Physicians' Academy for Cardiovascular Education

Benefit of new heart failure drug maintained with dose reductions

Vardeny O et al., Eur J Heart Fail 2016

Efficacy of sacubitril/valsartan vs. enalapril at lower than target doses in heart failure with reduced ejection fraction: the PARADIGM-HF trial


Vardeny O, Claggett B, Packer M, et al.
Eur J Heart Fail 2016; published online ahead of print
 

Background

In the PARADIGM-HF trial (Prospective Comparison of ARNI with ACEI to Determine Impact on Global Mortality and Morbidity in Heart Failure), sacubitril/valsartan showed a greater risk reduction of cardiovascular (CV) death and of heart failure (HF) hospitalisation compared with enalapril, in patients with chronic HF and reduced ejection fraction [1].
The study design included a run-in period before randomisation, during which all patients were titrated to a target dose of enalapril 10 mg twice daily and then sacubitril/valsartan 200 mg twice daily, with mean achieved daily doses of 18.9 mg and 375 mg, respectively, for the majority of patients [2]. Since not all patients were maintained on target doses of study medication during the long-term follow-up, the question remains whether there is a similar benefit from the administration of sacubitril/valsartan at lower than target doses than observed for low doses of enalapril.
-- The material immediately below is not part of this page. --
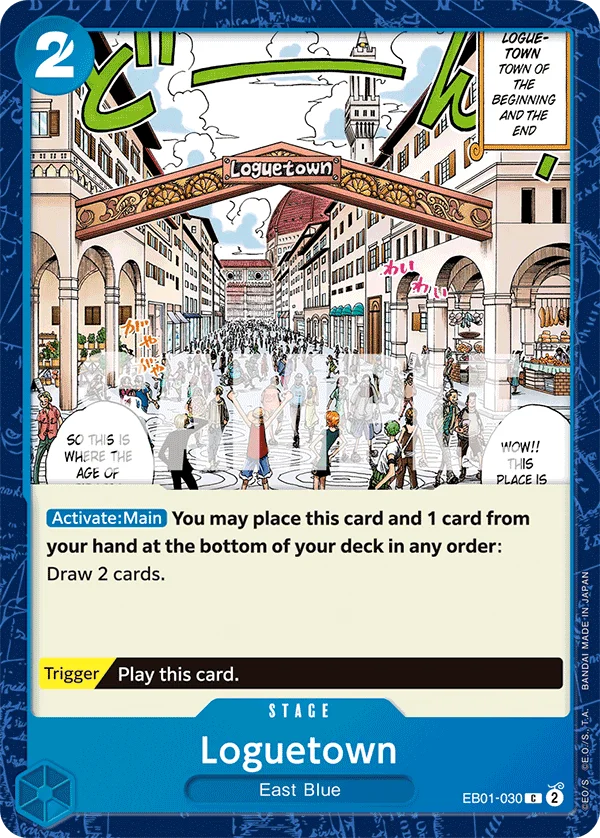 Loguetown EB01-030 – One Piece Card Game Stage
This was evaluated in this post-hoc analysis of PARADIGM-HF data
 

Main results

  • Out of 8399 participants, 43% of patients in the enalapril arm and 42% of patients in the sacubitril/valsartan arm had any dose reduction after randomisation (P=NS).
  • The median time to dose reduction was 255 days (IQR: 70 – 516) for enalapril and 249 days (IQR: 64 - 506) for sacubitril/valsartan (P=NS).
  • Of those with a dose reduction, 1332 (37.5%) subsequently returned to target study medication doses, and this occurred more frequently in patients randomised to sacubitril/valsartan than with enalapril (39.8% vs. 35.3%; P =0.005).
  • In a multivariable regression model, 11 significant predictors of dose reduction were identified, including higher serum creatinine, geographic region (North America, Latin America, and Western Europe), higher NT-proBNP, higher heart rate, older age, lower systolic blood pressure, NYHA class, history of MI, history of DM, use of beta-blockers and female sex
  • A history of MI was a stronger predictor of dose reduction in patients randomised to sacubitril/valsartan (OR:1.31) than in those randomised to enalapril (OR: 1.06; P for interaction=0.021).
  • Any dose reduction, regardless of treatment assignment, was associated with a higher subsequent risk of the primary event (HR: 2.5; 95% CI: 2.2–2.7).
  • When the primary outcome events were censored at the time of dose reduction, participants taking sacubitril/valsartan had fewer events relative to enalapril prior to dose reduction (HR: 0.79; 95% CI:0.71–0.88).
  • In a landmark analysis beginning at the time of dose reduction, there was a similar magnitude of benefit for sacubitril/valsartan after dose reduction (HR: 0.80; 95% CI: 0.70–0.93), which was maintained after adjustment (HR: 0.80; 95% CI: 0.69–0.92).

Conclusion

In HF patients with reduced ejection fraction enrolled in the PARADIGM-HF study, dose reductions of the study medication were common and associated with a higher risk of primary events. The observed magnitude of benefit of lower doses of sacubitril/valsartant compared with enalapril was consistent with prior PARADIGM-HF analyses.
 
Find this article online at Eur J Heart Fail
 

References

1. McMurray JJ, Packer M, Desai AS, et al; PARADIGM-HF Investigators and Committees. Angiotensin–neprilysin inhibition versus enalapril in heart failure. N Engl J Med 2014;371:993–1004.
2. McMurray JJ, Packer M, Desai AS, et al; PARADIGM-HF Committees and Investigators. Dual angiotensin receptor and neprilysin inhibition as an alternative to angiotensin-converting enzyme inhibition in patients with chronic systolic heart failure: rationale for and design of the Prospective comparison of ARNI with ACEI to Determine Impact on Global Mortality and morbidity in Heart Failure trial (PARADIGM-HF). Eur J Heart Fail 2013;15:1062–73.